Ecco le dichiarazioni raccolte da SportParma.
CUESTA «A livello matematico la salvezza non è raggiunta, ma sicuramente siamo orgogliosi perché sappiamo che l’Udinese è squadra forte. Siamo cresciuti nel corso della gara, arrivando alla lunga anche sulla trequarti avversaria bene. Dopo quei 60′ abbiamo cominciato ad abbassarci forse un po’ troppo. Però, al di là di difesa e attacco, ciò che contano sono la testa e il cuore. Valenti si è fatto male all’ultimo, Ndiaye non giocava dal Milan e si è fatto trovare subito pronto. All’intervallo abbiamo dovuto cambiare Pellegrino, si è fatto male su un colpo di testa per aiutare la squadra. È entrato Elphege e ci ha aiutato a vincere facendosi trovare pronto. Dobbiamo continuare ad avere questa qualità, dobbiamo goderci questa vittoria, pensando però subito alla gara contro il Pisa. Vogliamo fare una grande prestazione al Tardini.
Squadra solida? Lavoriamo con organizzazione e con la volontà di dare tutto per la squadra, siamo convinti che sia ciò che ci aiuta a portare il risultato a casa. Alla fine della partita, quando sono stati insieme giocatori e tifosi, sono quei momenti che mi rendono orgoglioso e che voglio vedere sempre».

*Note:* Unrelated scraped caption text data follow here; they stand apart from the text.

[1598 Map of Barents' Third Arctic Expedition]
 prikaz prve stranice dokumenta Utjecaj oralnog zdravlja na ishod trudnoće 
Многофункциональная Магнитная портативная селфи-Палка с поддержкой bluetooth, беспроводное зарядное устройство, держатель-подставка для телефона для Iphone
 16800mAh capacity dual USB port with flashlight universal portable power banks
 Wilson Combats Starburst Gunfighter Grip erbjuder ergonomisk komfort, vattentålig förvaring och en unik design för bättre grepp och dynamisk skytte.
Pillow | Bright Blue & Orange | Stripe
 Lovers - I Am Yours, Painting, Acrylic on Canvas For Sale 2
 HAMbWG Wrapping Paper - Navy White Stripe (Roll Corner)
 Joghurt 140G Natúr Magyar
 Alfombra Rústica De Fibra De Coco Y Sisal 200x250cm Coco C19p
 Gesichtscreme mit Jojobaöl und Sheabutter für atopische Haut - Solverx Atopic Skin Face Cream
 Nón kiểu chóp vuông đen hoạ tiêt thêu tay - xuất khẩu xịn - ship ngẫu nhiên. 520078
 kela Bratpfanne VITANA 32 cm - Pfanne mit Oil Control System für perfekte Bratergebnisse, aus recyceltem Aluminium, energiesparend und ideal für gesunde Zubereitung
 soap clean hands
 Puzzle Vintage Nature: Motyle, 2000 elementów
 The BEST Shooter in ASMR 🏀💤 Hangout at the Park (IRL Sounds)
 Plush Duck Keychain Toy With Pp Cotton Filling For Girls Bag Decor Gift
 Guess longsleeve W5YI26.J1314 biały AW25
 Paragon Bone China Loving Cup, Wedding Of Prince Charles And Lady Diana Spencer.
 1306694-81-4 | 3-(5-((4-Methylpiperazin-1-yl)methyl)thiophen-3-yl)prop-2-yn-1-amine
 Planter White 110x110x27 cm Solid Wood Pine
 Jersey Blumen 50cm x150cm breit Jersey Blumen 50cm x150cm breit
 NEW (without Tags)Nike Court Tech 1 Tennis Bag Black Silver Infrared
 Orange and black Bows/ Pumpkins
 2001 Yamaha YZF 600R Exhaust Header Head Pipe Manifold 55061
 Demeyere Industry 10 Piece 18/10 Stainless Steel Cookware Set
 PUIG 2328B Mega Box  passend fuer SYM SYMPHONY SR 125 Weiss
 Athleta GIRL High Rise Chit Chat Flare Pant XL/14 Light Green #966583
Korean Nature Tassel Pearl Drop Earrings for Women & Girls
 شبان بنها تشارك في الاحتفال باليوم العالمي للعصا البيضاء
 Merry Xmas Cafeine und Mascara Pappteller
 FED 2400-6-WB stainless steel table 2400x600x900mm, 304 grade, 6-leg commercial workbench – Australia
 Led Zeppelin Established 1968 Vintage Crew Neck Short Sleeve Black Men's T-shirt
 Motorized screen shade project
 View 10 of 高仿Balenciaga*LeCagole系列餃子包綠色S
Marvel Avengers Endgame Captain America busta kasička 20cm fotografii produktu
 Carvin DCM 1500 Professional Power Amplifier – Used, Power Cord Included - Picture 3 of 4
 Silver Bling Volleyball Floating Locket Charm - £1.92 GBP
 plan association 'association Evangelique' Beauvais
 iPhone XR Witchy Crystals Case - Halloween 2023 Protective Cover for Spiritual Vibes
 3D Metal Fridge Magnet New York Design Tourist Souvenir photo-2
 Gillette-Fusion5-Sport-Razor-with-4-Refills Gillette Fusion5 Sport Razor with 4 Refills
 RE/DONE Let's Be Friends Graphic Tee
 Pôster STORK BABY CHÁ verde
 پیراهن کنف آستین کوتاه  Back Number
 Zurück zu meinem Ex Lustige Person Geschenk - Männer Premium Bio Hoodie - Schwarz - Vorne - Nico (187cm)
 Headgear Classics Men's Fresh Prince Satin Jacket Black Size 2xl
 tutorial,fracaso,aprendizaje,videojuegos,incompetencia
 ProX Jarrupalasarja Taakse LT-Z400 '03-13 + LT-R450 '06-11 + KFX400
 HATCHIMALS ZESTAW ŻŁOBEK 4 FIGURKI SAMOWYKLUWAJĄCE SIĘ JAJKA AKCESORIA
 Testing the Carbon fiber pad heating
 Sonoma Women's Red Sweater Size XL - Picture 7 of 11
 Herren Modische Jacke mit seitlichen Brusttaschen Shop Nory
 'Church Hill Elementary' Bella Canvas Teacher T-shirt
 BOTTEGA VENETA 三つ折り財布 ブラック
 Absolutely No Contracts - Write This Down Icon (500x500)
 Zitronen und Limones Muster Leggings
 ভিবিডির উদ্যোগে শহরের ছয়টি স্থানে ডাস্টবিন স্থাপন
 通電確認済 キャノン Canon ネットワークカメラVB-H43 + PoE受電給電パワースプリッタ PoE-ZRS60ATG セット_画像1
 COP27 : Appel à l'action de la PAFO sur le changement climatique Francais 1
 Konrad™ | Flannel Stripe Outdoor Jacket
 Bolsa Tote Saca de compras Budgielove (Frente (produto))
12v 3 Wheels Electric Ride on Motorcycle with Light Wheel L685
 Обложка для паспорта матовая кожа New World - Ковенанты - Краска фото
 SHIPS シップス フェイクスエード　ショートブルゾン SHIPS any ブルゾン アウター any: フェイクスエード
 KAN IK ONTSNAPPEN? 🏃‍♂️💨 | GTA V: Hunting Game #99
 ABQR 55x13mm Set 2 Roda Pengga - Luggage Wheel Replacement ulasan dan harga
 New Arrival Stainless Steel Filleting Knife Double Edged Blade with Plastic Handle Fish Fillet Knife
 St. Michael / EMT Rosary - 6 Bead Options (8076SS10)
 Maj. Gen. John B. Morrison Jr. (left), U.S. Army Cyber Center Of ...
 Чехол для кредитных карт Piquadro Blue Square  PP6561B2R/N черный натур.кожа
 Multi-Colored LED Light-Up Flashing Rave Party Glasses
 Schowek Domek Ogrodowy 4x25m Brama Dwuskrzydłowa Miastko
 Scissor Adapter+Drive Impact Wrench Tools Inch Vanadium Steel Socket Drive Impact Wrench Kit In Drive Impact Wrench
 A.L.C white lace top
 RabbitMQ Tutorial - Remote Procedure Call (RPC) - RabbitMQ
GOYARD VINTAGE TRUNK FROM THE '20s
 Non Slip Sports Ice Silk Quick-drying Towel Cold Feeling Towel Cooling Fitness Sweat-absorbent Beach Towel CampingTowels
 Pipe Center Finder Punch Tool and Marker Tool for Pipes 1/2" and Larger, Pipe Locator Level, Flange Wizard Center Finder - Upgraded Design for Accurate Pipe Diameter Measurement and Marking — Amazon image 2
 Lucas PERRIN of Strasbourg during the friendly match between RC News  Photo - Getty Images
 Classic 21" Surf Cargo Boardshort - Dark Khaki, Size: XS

RUNJAIĆ «Bisogna, in prima istanza, fare i complimenti al Parma che è stato ordinato in campo. In qualche occasione avremmo potuto avere più velocità, la temperatura era alta: nella teoria si possono fare tante cose, poi bisogna vedere cosa si fa in campo. Abbiamo scambiato spesso ruoli, senza quell’errore in fase difensiva avremmo magari pareggiato 0-0 o avremmo vinto nel finale, chi può dirlo.
Siamo in grado di vincere e segnare anche senza Davis: anche senza di lui la squadra è la stessa. Affrontavamo una squadra che si difende bassa, sono disciplinati, ordinati e lo sapevamo. In base a chi sarebbe riuscito a segnare il primo gol la gara si sarebbe indirizzata, considerando anche le energie spese per il caldo. Oggi abbiamo preso una decisione sbagliata subendo gol. Abbiamo costruito qualche chance e alla fine abbiamo lasciato punti sul campo. La squadra ha provato a dare tutto. Mi dispiace per i miei ragazzi: a mio avviso, non meritavano di perdere. Ora pensiamo alla Lazio».
NICOLUSSI CAVIGLIA «Una gara gestita bene, abbiamo saputo capire bene i momenti e quando è servito siamo stati cinici. Abbiamo un centrocampo con tanti giocatori con caratteristiche diverse, ci completiamo, un po’ alla volta stiamo uscendo conoscendoci sempre meglio.
Sappiamo difenderci bene e penso che possiamo fare ancora meglio, possiamo stare di più nella metà campo avversaria. Dobbiamo capire bene le posizioni e sentire bene gli spazi.
Vittoria salvezza? Stiamo crescendo, siamo ancora giovani ma è relativo. Ci sono ragazzi pronti e non pronti, giocatori bravi e meno bravi. Poi chiaramente ci sono i giocatori maturi che sanno capire il risultato, la crescita sta nel saper essere squadra.
Ci sentiamo bene insieme (con mister Cuesta, ndr) e arriviamo in partita pronti dopo un buon lavoro in allenamento. Fare sacrifici all’indietro non è una vergogna ma una nostra leva, dobbiamo essere applicati, è questione anche di comunicazione tra di noi».